El pasado domingo meditábamos sobre la pregunta de Jesús: “Y vosotros, ¿quién decís que soy yo?”. El himno reconoce que Jesús es nuestra vida: “porque bien sé que eres tú / la vida del alma mía; / si tú vida no me das, / yo sé que vivir no puedo”. Reconocer que no podemos vivir sin la vida que Jesús nos da es un acto de lucidez y humildad que no es fácil en momentos en los que creemos que nosotros lo podemos todo. La tentación que nos ronda siempre es la de buscar otras vías que se nos antojan más al alcance la mano.

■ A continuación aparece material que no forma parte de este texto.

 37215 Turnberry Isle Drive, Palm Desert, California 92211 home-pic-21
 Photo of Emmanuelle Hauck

El himno nos previene contra todos los espejismos antiguos y nuevos: “yo sé que vivir no puedo, / ni si yo sin ti me quedo, / ni si tú sin mí te vas”. 

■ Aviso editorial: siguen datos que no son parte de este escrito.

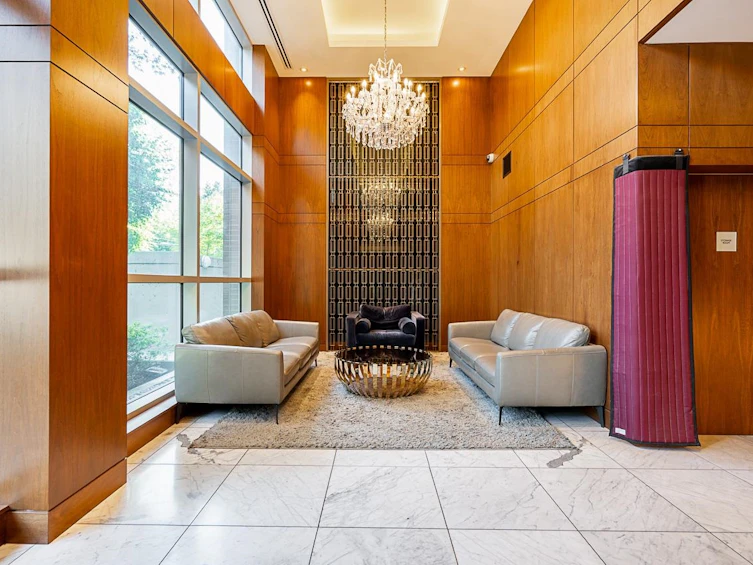 1031-8988 Patterson Road, Richmond, BC, V6X 0R2 - 27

Con Jesús hemos establecido una relación de amistad que no se puede romper por las vicisitudes de la vida. Él ha dado el paso: “Ya no os llamo siervos, pues el siervo no sabe qué hace su señor; yo os he llamado amigos porque os he dado a conocer todas las cosas que he oído a mi Padre” (Jn 15,15). Si Jesús nos llama “amigos” significa que está dispuesto a dar su vida por nosotros porque “nadie tiene mayor amor que el que da la vida por sus amigos” (Jn 15,13). No es fácil encontrar amigos que estén dispuestos a dar su vida por nosotros. El caso de Cristo es único. Pablo lo explica así: “Difícilmente habrá quien esté dispuesto a morir por un hombre justo, aunque por un hombre de bien tal vez alguien lo esté; pero Dios mostró su amor para con nosotros en que, siendo aún pecadores, Cristo murió por nosotros” (Rm 5,7-8). Necesitamos meditar estas palabras para comprender que no estamos solos en este trance, que Jesús nunca abandona a su comunidad, que, por muy duras que sean las pruebas a las que nos vemos sometidos, él está siempre a nuestro lado. Hoy se lo decimos con más fuerza que nunca: “Estáte, Señor, conmigo / siempre, sin jamás partirte”.